Every business has its own demands. That’s a given. If you’re running a flower shop, you have your own set of skills and equipment that you need. If you’re a hairdresser your skills and equipment are somewhat different. Same goes for a handyman, a fitness pro, or a therapist. The list goes on, but there are certain aspects of running a business that always remain the same, no matter what you do.
For example, every business needs to pay its employees’ salaries, pay its taxes, and get insurance. Yes, we said insurance. While everyone wants to save money, cutting corners on business insurance is never a good idea. More than that, in many cases, insurance is required by the law. In others, insurance simply makes good business sense, protecting your business from unpredictable illnesses, accidents, and other potentially damaging events. Rather than an expense, each type of insurance – including employer’s liability insurance – is your way to protect your business from the hassle and costs of a wide range of incidents.
Types of insurance a business owner might need
Before we get to employer’s liability coverage, let’s take a short look at the main types of insurance your business may require.
General liability insurance – This is the number type of insurance any business needs. It includes slip and fall insurance for claims of physical injury to a third party; personal injury to a third party like accidental defamation of character or copyright infringement; and property damage if you’re working in a customer’s home or place of business. It is absolutely essential for protecting your business and helping you land jobs.
Professional liability insurance – Professional liability insurance is also known as errors and omissions insurance. What it does is protect your business against claims of negligence that are specific to your line of work. For example, if you are a nail technician and your customer gets an infection in her finger following a manicure, she could potentially sue you for making a professional error that caused this infection. If you have professional liability insurance, you’re covered.
Worker’s compensation insurance – This form of insurance can cover wages, medical payments, and rehabilitation costs for workers who’ve been hurt or got sick on the job. If you have employees worker’s comp is a non-negotiable. That’s because it is the law.
Property insurance – Whether you rent or own your workspace, it is very important to have property insurance. This type of insurance covers replacement costs for loss of equipment, inventory, signage and even furniture if they are damaged or destroyed by a storm, fire, or theft. If you work from home, keep in mind that your homeowner’s policy likely doesn’t cover your business in full, so you’ll need to add it on specifically to your policy.
Commercial auto insurance – This type of insurance is mostly the same as any other vehicular insurance, just on a commercial level. It is essential to have if you or your employees are on the road for work reasons. The minimum you need is coverage against third-party injuries, in case of an accident. But it’s also worthwhile, for most people, to take out insurance that covers your own vehicle damage as well.
Health insurance – Health insurance is a major benefit that many employers provide for their workers.
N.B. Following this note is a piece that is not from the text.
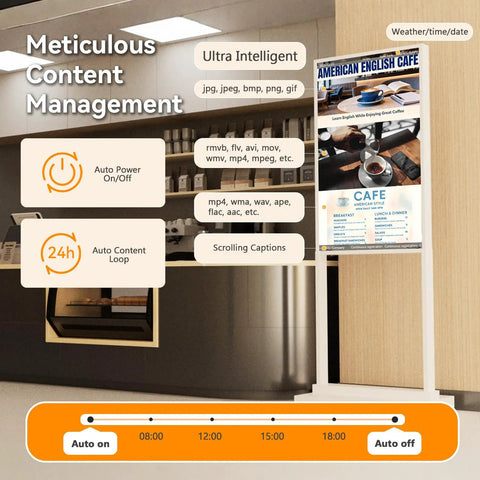 Plug And Play Ready Top Shelf 55 Inch Double Sided Digital Signage Kiosk With 4K Ultra HD Display featuring content management options.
The field here is wide, but in general, it covers all or part of a worker’s health expenses such as doctor visits, medications, and surgery.
Remember, these are just some of the types of insurance you may need for running your business. Depending on your line of work you may also need others like product liability insurance, business interruption insurance, and even life insurance. As such, it’s always worth talking to a reliable insurance agent when you’re starting out. Or, if you prefer, consult with another tradesperson like yourself, to see what types of coverage they carry.
Employer’s liability insurance coverage
There’s one more type of insurance we skipped above, and that’s employer’s liability insurance. What is employer’s liability insurance and what does employer’s liability insurance cover?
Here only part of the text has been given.